**What to work on:** Beginning with the line containing "Search for coupon book Christmas clearance" and ending at the last line of the data, set down every line exactly, leaving out all pictures.
Content starts
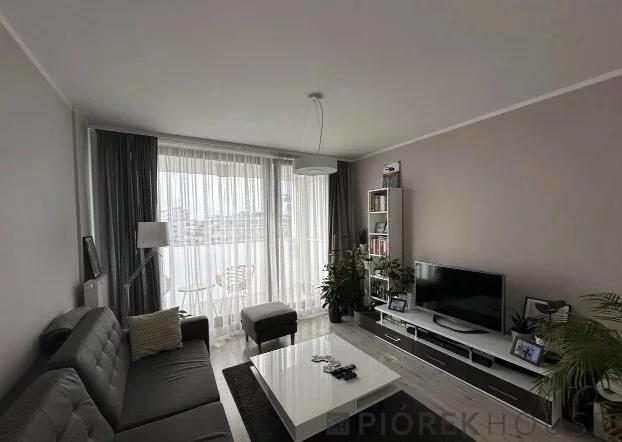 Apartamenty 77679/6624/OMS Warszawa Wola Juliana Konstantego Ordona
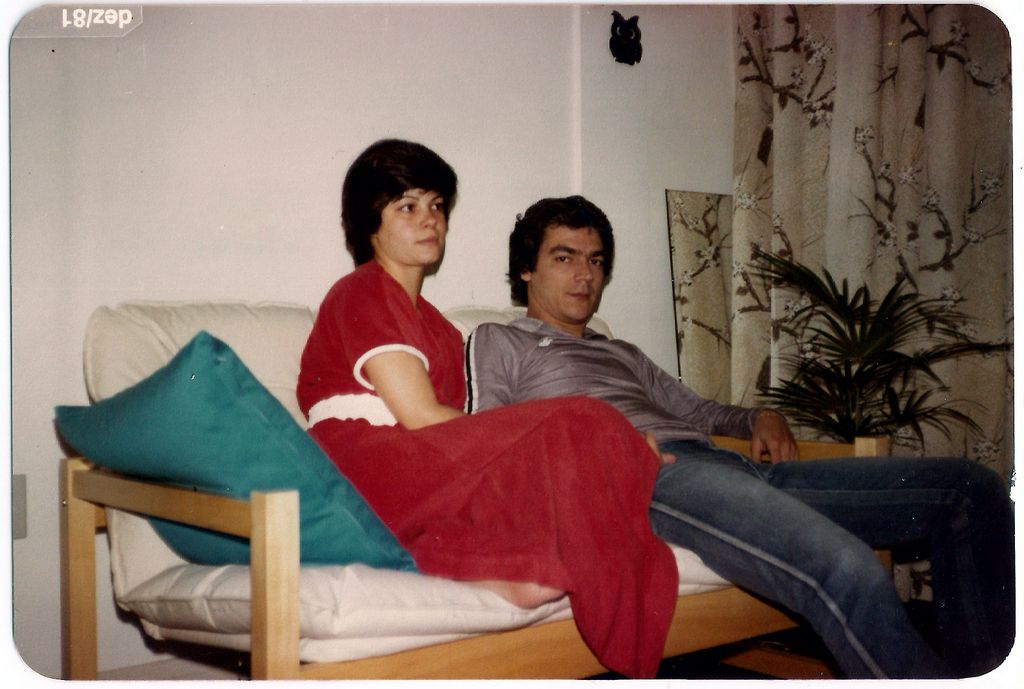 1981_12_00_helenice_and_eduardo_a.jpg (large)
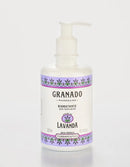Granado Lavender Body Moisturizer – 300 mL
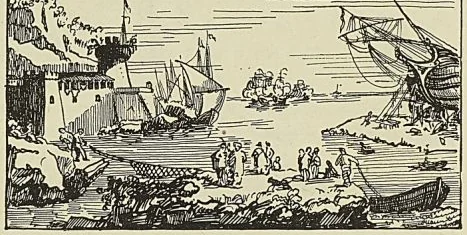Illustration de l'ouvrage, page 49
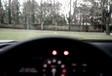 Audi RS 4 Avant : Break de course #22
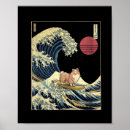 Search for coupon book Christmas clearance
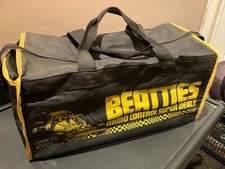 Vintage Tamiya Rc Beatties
Content ends
**Exercise output:**
 Search for coupon book Christmas clearance
 Vintage Tamiya Rc Beatties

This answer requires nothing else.